宜野湾市の『普天間飛行場』は、市街地上空を米軍の戦闘機や輸送ヘリが頻繁に飛行する日本で最も危険な駐留米軍基地であり、日米軍事同盟の負担が偏って集積している『沖縄県の政治的位置づけの象徴』でもある。

普天間飛行場は自公政権下のアメリカとの交渉によって、普天間よりは県民への危険性が低い『名護市辺野古沖の埋立地』に移設されることが決定していたが、民主党の政権交代時に鳩山由紀夫元首相が『県外移設』を切り出したことで、米軍基地の半永久的な滞在を歓迎しない沖縄県民の本音が噴出した。

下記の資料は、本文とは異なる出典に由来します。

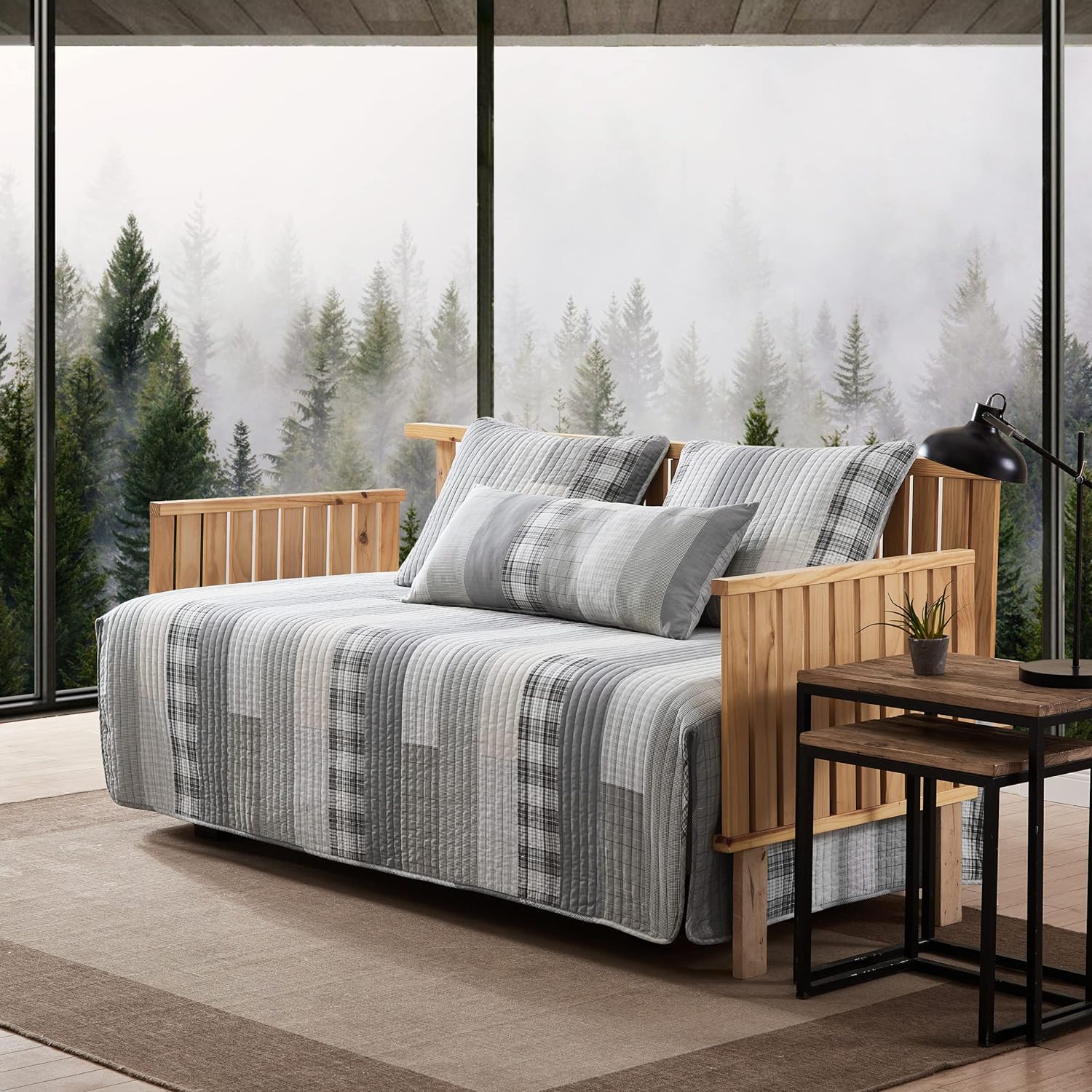 Eddie Bauer – Juego de sofá cama, juego de ropa de cama de algodón de 4 piezas, decoración del hogar para todas las estaciones (Fairview Grey,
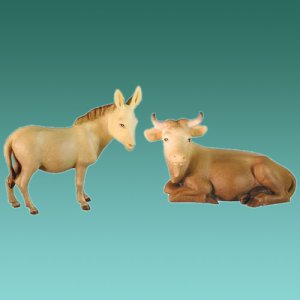 Ochse und Esel natur 12cm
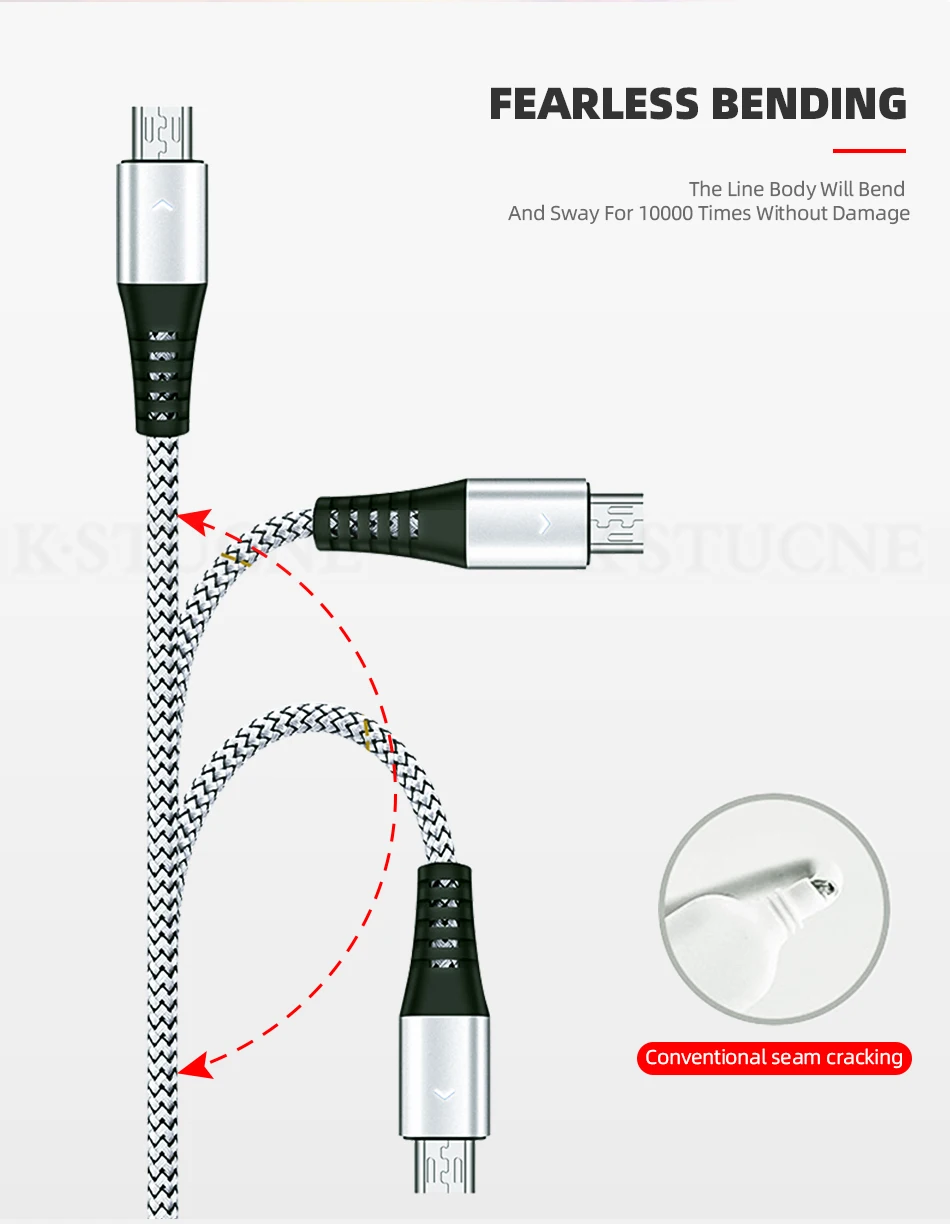 KSTUCNE Тип usb C кабель 1,2 м/1,8 м светодиодный 2.4A быстрой зарядки кабель usbc для samsung A50 A70 A30 huawei P30 P20 Lite Тип usb-usb-c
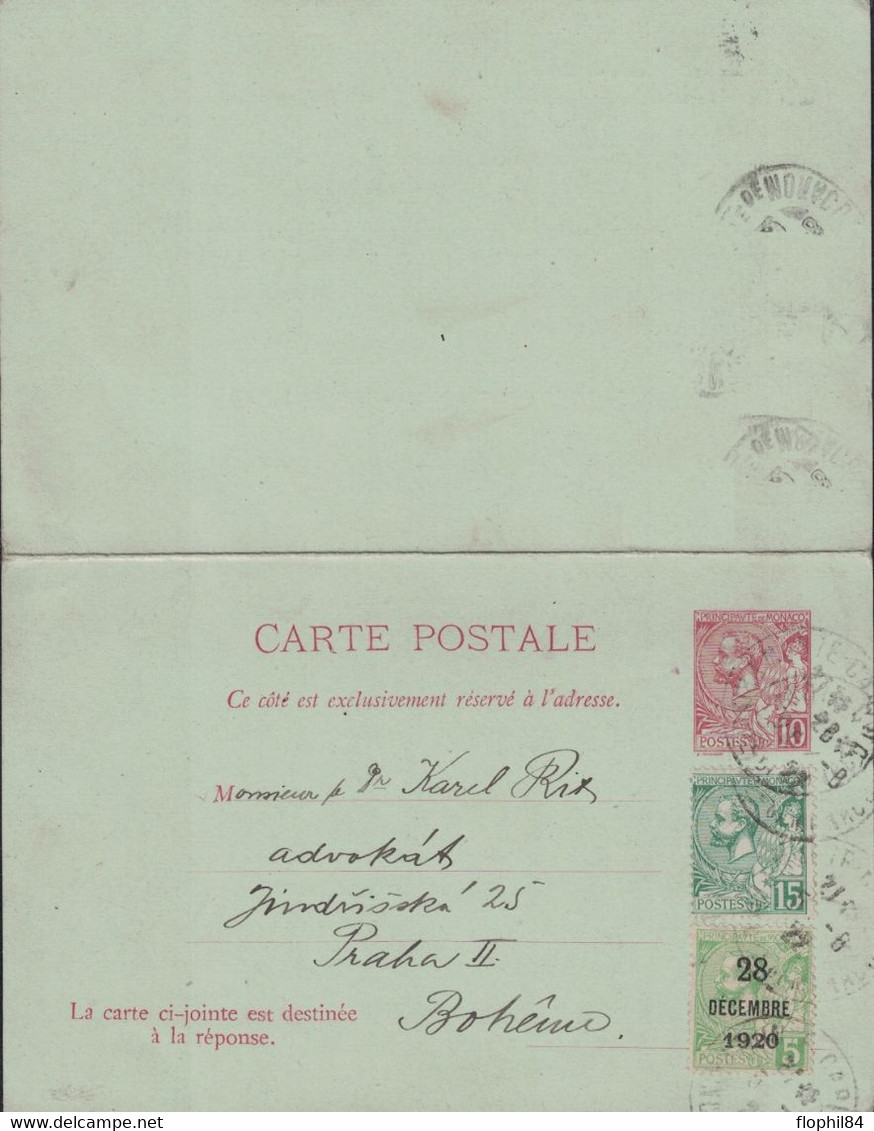 MONTE CARLO - LE5-8-1922 - ENTIER POSTAL AVEC REPONSE POUR LA BOHEME - BELLE COMPOSITION 3 COULEURS. - Enteros  Postales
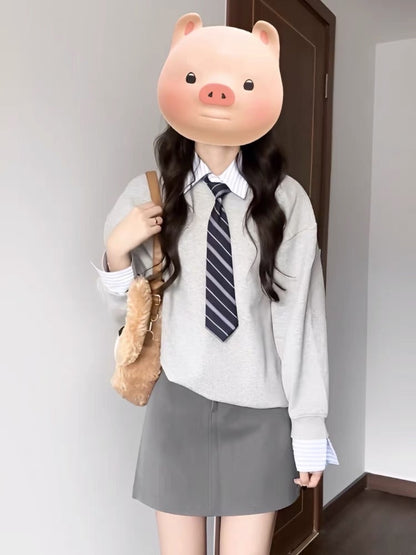 Dairy wear autumn suit college wind sweater top skirt two-piece suit small tall sense of thin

鳩山氏が米国との具体的な県外移設交渉を進展させられずに暗礁に乗り上げたことで、『普天間飛行場』は再び辺野古沖移設の前案に差し戻された。だが、いったん県外移設の夢を見せられた沖縄県議と過半の沖縄県民は『県外移設案』に留まり、自民党の沖縄県議にも自民党方針に逆らう県外移設を主張し続けて、除名処分を受ける者が少なからず出ている。

沖縄県知事選 翁長氏が初当選

沖縄県知事選では、普天間飛行場の辺野古移設を沖縄県の産業振興・雇用促進の地方交付金と補助金の増額(グアム移転・嘉手納基地返還を含む基地負担の包括的軽減策)によって認める方針であった現職の仲井真弘多(なかいまひろかず)前知事は落選した。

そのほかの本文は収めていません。